When it comes to “knowing,” does it matter who does the knowing? Is knowing independent of the knower, and if not, what is it about the knower that affects the knowing? Canadian philosopher Lorraine Code argues persuasively that whether the knower is a man or woman matters so much that understanding why requires a feminist epistemology. That project involves a paradigm shift in epistemology, from valuing autonomy and objectivity (“pure reason”) to valuing interdependence and subjectivity (communal knowledge); from focusing on the relation of a proposition to reality, to focusing on the interrelationship of subject and proposition in creating knowledge/power.

What Can She Know?, a book collecting and synthesizing work begun in Code’s 1981 paper “Is the Sex of the Knower Epistemologically Significant?” Metaphilosophy 1981), is an important step toward articulating the feminist epistemology needed to theorize the interaction of knower and knowing. I suspect the book will be most useful to feminists and to those who already accept postmodern views about the instability of the subject and the constructed nature of reality (as we “know” it). What is characterized as “malestream” philosophy, by far the bulk of what is published and taught about philosophy, is the epistemology against which Code marshals evidence in a complex, nuanced, and deeply engaging argument. Code’s most effective rhetorical aid is her own evenhandedness and clarity in synthesizing a broad array of often-contradictory philosophical positions, from Immanuel Kant to Carol Gilligan, from Aristotle to Sara Ruddick, from Hans Georg Gadamer to Mary Field Belenky.

Code manages this in what I would describe as a non-combative discourse that resolutely avoids dichotomizing. She steps into the discursive gap between a deconstructive practice emphasizing undecideability, and the traditional practice emphasizing universality and gender neutrality. Her own practice weaves a web of understanding between those polarities, with gender as her chief point of departure.

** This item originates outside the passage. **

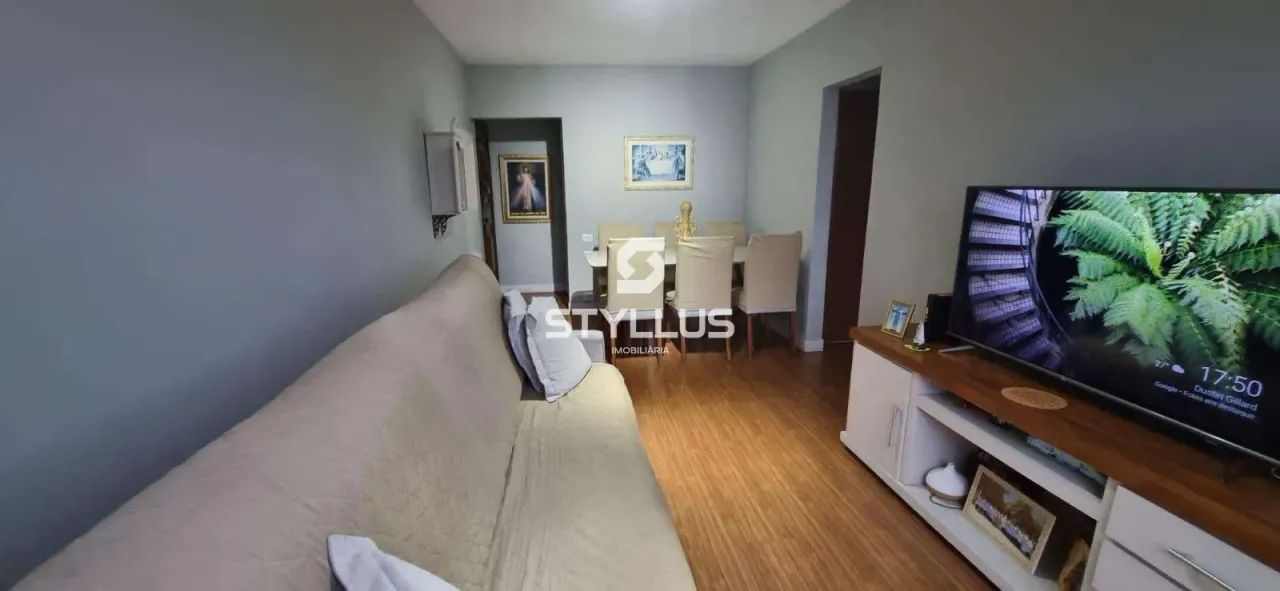 Apartamento Centro de Madureira - Pronto para Morar com Garagem Coberta! M01X - Foto 3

In staking out an epistemological territory she eventually describes as “middle ground,” Code positions herself between such dichotomizing debates as nature/nurture and essentialism/constructionism, debates that currently occupy many feminist theorists as well as philosophers of all kinds. Her position, moreover, is dynamic, not static, and emerges developmentally in succeeding chapters of the book. For example, her use of “sex” instead of “gender” in the early chapters turns out to be a deliberate retention of the language she and others used when first theorizing these issues. (In a footnote, Code defends this usage on historical grounds, “gender” being a relatively recent usage, “sex” being the term used by epistemologists discussed in her early chapters.) Conceptually, “middle ground” may be the wrong metaphor for establishing a new paradigm for thinking about thinking. “Common ground” seems to be what Code is seeking and what she most successfully achieves. Her critique establishes this common ground chiefly by articulating key feminist theories that challenge widely held beliefs about the procedures for defining and attaining knowledge. Often, she integrates feminist theory with what is useful from such non-feminists as Aristotle, Kant, Nietzsche, and Foucault. Code is especially effective in adducing what is useful in traditional philosophy, wasting little time attacking what is not useful, except in establishing the ways that what counts as knowledge has traditionally been defined so as to exclude women. Most of her opening chapter is devoted to showing how any claim for “women’s knowledge,” knowledge from a domain assigned to sterotypically-defined “women,” has been declared not-knowledge. Furthermore, she argues, the exclusion does not work symmetrically for men; that is, knowledge from a domain assigned to men has been assumed to be gender-neutral. Men define the norm for defining knowledge.

These and other ideas about gendered knowledge, and Code’s debunking of claims for gender-neutrality, are familiar in women’s studies. In fact, Code’s careful documentation of these ideas makes the book very valuable as a bibliographic guide to scores of feminist essays over the last twenty years. But they are not new ideas, and Code’s contribution is more one of synthesizing than of formulating a procedure or practice...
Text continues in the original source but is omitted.